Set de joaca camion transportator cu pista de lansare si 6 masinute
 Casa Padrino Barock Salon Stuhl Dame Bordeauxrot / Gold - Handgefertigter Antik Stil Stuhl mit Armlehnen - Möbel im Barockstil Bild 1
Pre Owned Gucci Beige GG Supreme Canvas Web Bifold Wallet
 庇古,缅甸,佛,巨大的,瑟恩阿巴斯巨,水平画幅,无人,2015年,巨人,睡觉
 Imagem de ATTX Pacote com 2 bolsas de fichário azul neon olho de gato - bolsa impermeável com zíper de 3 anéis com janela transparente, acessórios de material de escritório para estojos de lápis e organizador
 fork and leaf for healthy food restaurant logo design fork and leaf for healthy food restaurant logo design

:: TASK TO COMPLETE ::
Please retype all of the data above exactly as it appears.

:: SOLVED EXERCISE ::
Set de joaca camion transportator cu pista de lansare si 6 masinute
 Casa Padrino Barock Salon Stuhl Dame Bordeauxrot / Gold - Handgefertigter Antik Stil Stuhl mit Armlehnen - Möbel im Barockstil Bild 1
Pre Owned Gucci Beige GG Supreme Canvas Web Bifold Wallet
 庇古,缅甸,佛,巨大的,瑟恩阿巴斯巨,水平画幅,无人,2015年,巨人,睡觉
 Imagem de ATTX Pacote com 2 bolsas de fichário azul neon olho de gato - bolsa impermeável com zíper de 3 anéis com janela transparente, acessórios de material de escritório para estojos de lápis e organizador
 fork and leaf for healthy food restaurant logo design fork and leaf for healthy food restaurant logo design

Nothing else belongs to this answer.